YOUR HUMBLE NARRATOR AT DE PALMA A LA MOD HAS NOW SEEN DOMINO
Brian De Palma's Domino -- and let's get this straight, this is Brian De Palma's film -- when you see it all the way to the end, I'm not sure how you can come away from it with any other notion -- is full of tomatoes. They're all over the place in this movie, and you have to think that De Palma would have had Rotten Tomatoes in the back of his mind as he thought of and shot Domino. Well, dearly beloved, I'm here to tell you, Domino is certified fresh, one-hundred percent De Palma. From shot design (check out an early shot that begins wide, verrrry slowly moving in as two characters move about the room, until the shot finally ends, in God's eye point-of-view fashion, to focus in on an item that will have lasting impact on the film to come) to the way Pino Donaggio's music evokes the lasting sadness of that God's eye view, watching the way these events unfold.
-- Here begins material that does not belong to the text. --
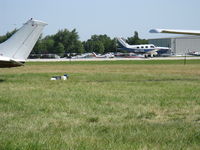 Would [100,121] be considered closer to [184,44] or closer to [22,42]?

I was reminded not only of Donaggio's score for Blow Out, but also of the way the music works in contrast to much of what we see on screen in films such as Snake Eyes and The Black Dahlia. There is a silent film sequence in slow motion, full of tension, that truly gets you on the edge of your seat, wondering how in the world this is going to end up. The sequence has a kicker of a climax that has to be seen to be believed, beautifully executed. There are scenes where the camera slowly moves in toward stunning emotional impact (one of them is pictured above).
A couple of Letterboxd reviews have talked about Domino being a sort of Redacted meets Passion, and there is definitely a bit of truth to that. Passion opens with our two main characters watching commercials on a laptop, discussing and critiquing, yet we never see what they see. Later on, one of them makes a commercial, and we see the result afterward as it is screened for corporate executives. There is a lot of that sort of thing in Domino, except in the new movie, instead of commercials, the genre is terrorist videos, which brings us back to the world of Redacted. Our two main cops in the new film are seen watching terrorist videos on a laptop, commenting on how they're shot and edited, using drones, etc. We are not watching with them, but simply watching them as they watch, the look of horror on their faces. Later on, we see the videos being made, and then the way they've been edited.
I could write a lot more about Domino, but let me end for now by saying that Domino takes place in the future: an intertitle near the start of the film tells us the date is June 10, 2020. An intertitle near the beginning of De Palma's Mission To Mars carries the date June 9, 2020. If that's not De Palma's idea of a cosmic joke, it's a split in the horizon, for sure.